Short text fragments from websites
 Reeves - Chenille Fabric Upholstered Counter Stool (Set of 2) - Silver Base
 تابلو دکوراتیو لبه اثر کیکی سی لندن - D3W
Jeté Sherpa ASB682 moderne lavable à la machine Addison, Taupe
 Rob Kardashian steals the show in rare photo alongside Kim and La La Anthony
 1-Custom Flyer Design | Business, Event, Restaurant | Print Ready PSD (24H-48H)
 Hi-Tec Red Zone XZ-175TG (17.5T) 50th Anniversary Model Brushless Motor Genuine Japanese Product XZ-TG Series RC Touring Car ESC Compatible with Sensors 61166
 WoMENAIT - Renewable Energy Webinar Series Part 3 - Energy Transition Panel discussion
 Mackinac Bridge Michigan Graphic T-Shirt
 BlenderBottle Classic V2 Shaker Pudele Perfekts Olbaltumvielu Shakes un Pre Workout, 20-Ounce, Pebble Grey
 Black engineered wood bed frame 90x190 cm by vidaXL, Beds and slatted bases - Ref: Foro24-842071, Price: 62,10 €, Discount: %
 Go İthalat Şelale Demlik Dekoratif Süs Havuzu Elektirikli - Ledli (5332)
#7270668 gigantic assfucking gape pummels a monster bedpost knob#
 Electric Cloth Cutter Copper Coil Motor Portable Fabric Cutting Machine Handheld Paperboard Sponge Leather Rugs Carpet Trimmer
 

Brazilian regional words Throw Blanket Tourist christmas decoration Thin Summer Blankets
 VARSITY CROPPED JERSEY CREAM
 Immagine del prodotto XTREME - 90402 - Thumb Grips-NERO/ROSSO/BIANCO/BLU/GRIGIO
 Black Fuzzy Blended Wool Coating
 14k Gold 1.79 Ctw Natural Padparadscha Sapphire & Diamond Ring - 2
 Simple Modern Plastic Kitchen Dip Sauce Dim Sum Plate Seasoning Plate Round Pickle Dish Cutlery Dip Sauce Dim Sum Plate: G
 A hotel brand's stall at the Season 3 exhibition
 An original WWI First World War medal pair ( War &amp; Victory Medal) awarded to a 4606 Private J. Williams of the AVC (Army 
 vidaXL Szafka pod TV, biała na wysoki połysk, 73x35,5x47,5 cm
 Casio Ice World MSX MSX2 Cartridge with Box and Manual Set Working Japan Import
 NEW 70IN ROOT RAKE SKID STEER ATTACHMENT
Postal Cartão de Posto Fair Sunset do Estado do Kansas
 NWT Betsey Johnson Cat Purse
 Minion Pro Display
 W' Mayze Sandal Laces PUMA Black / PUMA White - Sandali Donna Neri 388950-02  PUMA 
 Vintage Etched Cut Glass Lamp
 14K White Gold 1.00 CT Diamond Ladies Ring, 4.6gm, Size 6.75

# Work task
Only the last part of the records is wanted. Repeat it exactly, beginning at the line containing "W' Mayze Sandal" and ending at the final line.

# Exercise response
 W' Mayze Sandal Laces PUMA Black / PUMA White - Sandali Donna Neri 388950-02  PUMA 
 Vintage Etched Cut Glass Lamp
 14K White Gold 1.00 CT Diamond Ladies Ring, 4.6gm, Size 6.75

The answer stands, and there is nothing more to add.